Let $\sigma=(1\ 2\ 4\ 3)$, and $\tau=(1\ 3\ 2\ 4)$ in one-line notation. 
I thought $\sigma$ is a '3, 4 swapping rearrangement of 1 2 3 4'
and $\tau$ is a '2, 3 swapping rearrangement of 1 2 3 4' like swapping data in a computer memory.
The problem is this : I interpreted $\sigma\tau$ as 'first swap 2 and 3, then you get 1 3 2 4, and then swap the elements in the 3rd and 4th place obtaining 1 3 4 2'.

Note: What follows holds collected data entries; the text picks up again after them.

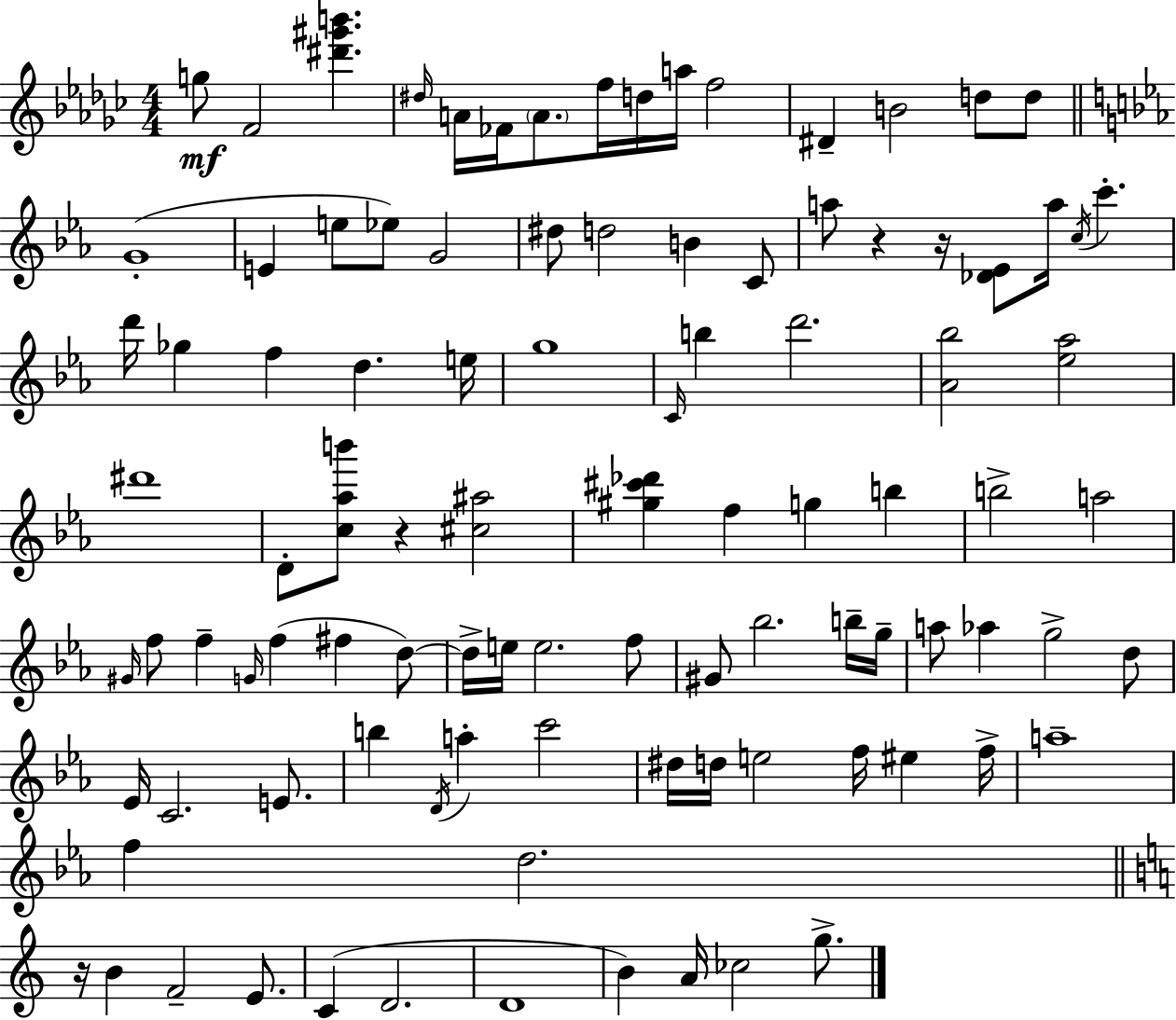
X:1
T:Untitled
M:4/4
L:1/4
K:Ebm
g/2 F2 [^d'^g'b'] ^d/4 A/4 _F/4 A/2 f/4 d/4 a/4 f2 ^D B2 d/2 d/2 G4 E e/2 _e/2 G2 ^d/2 d2 B C/2 a/2 z z/4 [_D_E]/2 a/4 c/4 c' d'/4 _g f d e/4 g4 C/4 b d'2 [_A_b]2 [_e_a]2 ^d'4 D/2 [c_ab']/2 z [^c^a]2 [^g^c'_d'] f g b b2 a2 ^G/4 f/2 f G/4 f ^f d/2 d/4 e/4 e2 f/2 ^G/2 _b2 b/4 g/4 a/2 _a g2 d/2 _E/4 C2 E/2 b D/4 a c'2 ^d/4 d/4 e2 f/4 ^e f/4 a4 f d2 z/4 B F2 E/2 C D2 D4 B A/4 _c2 g/2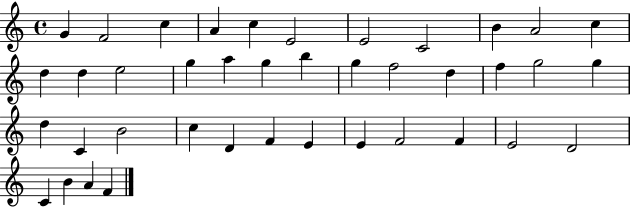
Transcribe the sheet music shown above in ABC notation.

X:1
T:Untitled
M:4/4
L:1/4
K:C
G F2 c A c E2 E2 C2 B A2 c d d e2 g a g b g f2 d f g2 g d C B2 c D F E E F2 F E2 D2 C B A F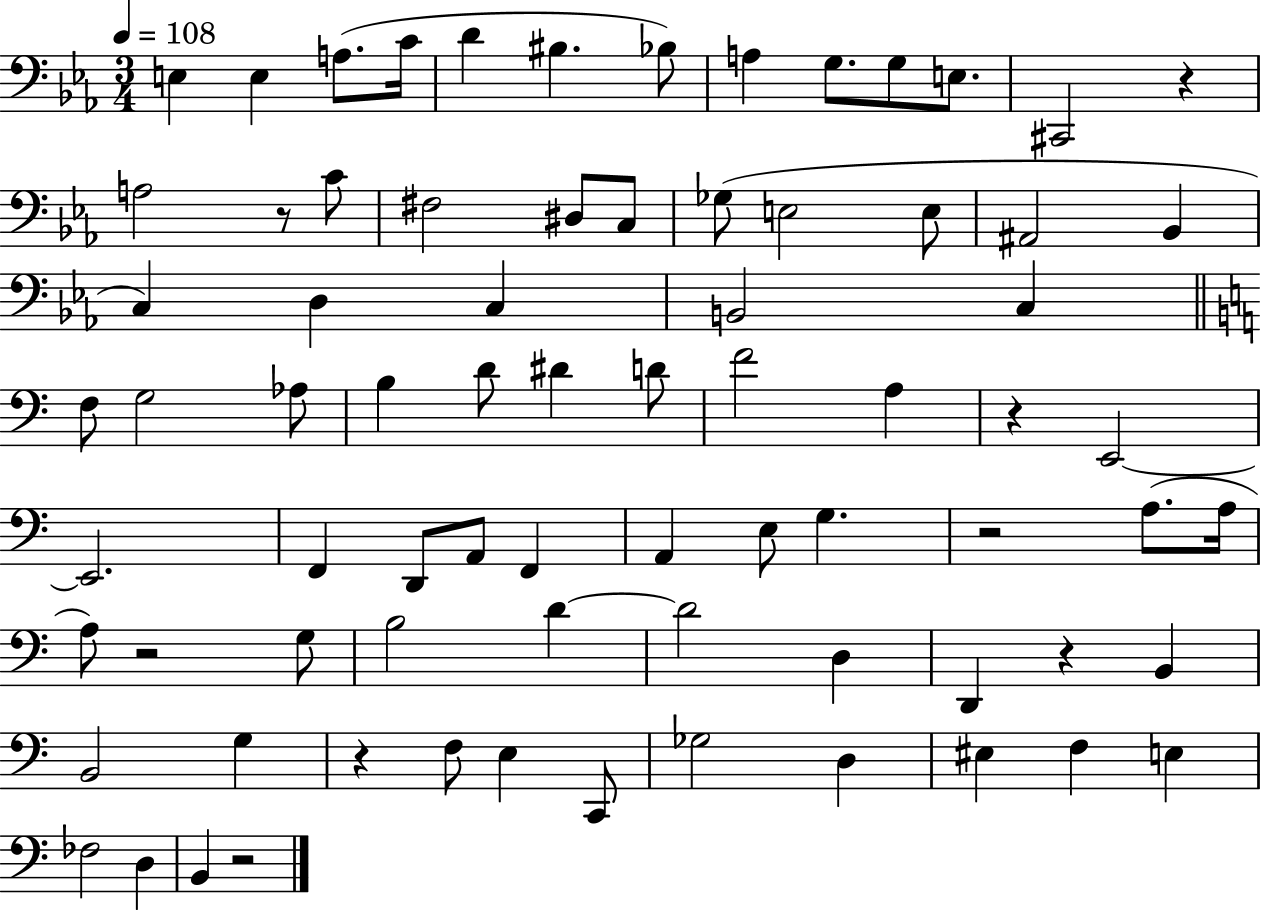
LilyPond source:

{
  \clef bass
  \numericTimeSignature
  \time 3/4
  \key ees \major
  \tempo 4 = 108
  e4 e4 a8.( c'16 | d'4 bis4. bes8) | a4 g8. g8 e8. | cis,2 r4 | \break a2 r8 c'8 | fis2 dis8 c8 | ges8( e2 e8 | ais,2 bes,4 | \break c4) d4 c4 | b,2 c4 | \bar "||" \break \key c \major f8 g2 aes8 | b4 d'8 dis'4 d'8 | f'2 a4 | r4 e,2~~ | \break e,2. | f,4 d,8 a,8 f,4 | a,4 e8 g4. | r2 a8.( a16 | \break a8) r2 g8 | b2 d'4~~ | d'2 d4 | d,4 r4 b,4 | \break b,2 g4 | r4 f8 e4 c,8 | ges2 d4 | eis4 f4 e4 | \break fes2 d4 | b,4 r2 | \bar "|."
}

But the definition says $\sigma\tau=(1\ 4\ 2\ 3)$. I thought in reality, the permutation is just a place-changing operation, but by definition, composing two permutation is not just changing place twice. What is wrong in my interpretation?
 A: When we write $(1243)$, we mean the permutation defined where $1 \mapsto 2$ and $2 \mapsto 4$ and $4 \mapsto 3$ and $3 \mapsto 1$.
Likewise, $(1324)$ means we have $1 \mapsto 3$ and $3 \mapsto 2$ and $2 \mapsto 4$ and $4 \mapsto 1$.  Finally, any number not written inside a set of parentheses with other numbers is presumed to be fixed.  So, for example, if we think of these as permutations in $S_6$, both $\sigma$ and $\tau$ fix $5$ and $6$.  Notice that these are indeed bijective maps!  So the way a layman thinks of the word "permutation" is indeed a correct way of thinking about what's going on.  This notation is called "cycle notation" which kind of makes sense: the permutation can be visualized as equidistant points on a circle, and the circle gets rotated so that each point gets moved to its immediate counterclockwise neighbor.
Now we can compose these with each other.  Doing so, let's see where $1$ is sent.  $\sigma \tau(1) = \sigma ( \tau (1)) = \sigma(3) = 1$.  Looking at $2$ next, we have $\sigma( \tau (2)) = \sigma(4) = 3$.  And so forth.
A: There are multiple levels of confusion, here (and I have deleted my previous answer because of this).
Many posters here are accustomed to cycle notation, where $\sigma = (1\ 2\ 4\ 3)$ means this:
$\sigma(1) = 2\\ \sigma(2) = 4\\ \sigma(3) = 1\\ \sigma(4) = 3.$
It is also possible to employ "image notation" where $\sigma = (1\ 2\ 4\ 3)$ means this:
$\sigma(1) = 1\\ \sigma(2) = 2\\ \sigma(3) = 4\\ \sigma(4) = 3.$
Finally, sometimes $\sigma\tau$ means $\sigma$ first, then $\tau$, and sometimes it means $\tau$ first, then $\sigma$ (as in ordinary function composition).
So it's not immediately clear which conventions your text is using.
A third source of confusion is what $(1\ 2\ 4\ 3)$ is instructing us to do: are we swapping the NUMBERS $4$ and $3$, or whatever numbers are in the $3$rd and $4$th positions? This makes the whole situation even murkier.
It appears your text is using "image notation", and "normal composition", so that:
$\sigma\tau(1) = \sigma(\tau(1)) = \sigma(1) = 1$
$\sigma\tau(2) = \sigma(\tau(2)) = \sigma(3) = 4$
$\sigma\tau(3) = \sigma(\tau(3)) = \sigma(2) = 2$
$\sigma\tau(4) = \sigma(\tau(4)) = \sigma(4) = 3$
which is indeed $(1\ 4\ 2\ 3)$ in "image notation".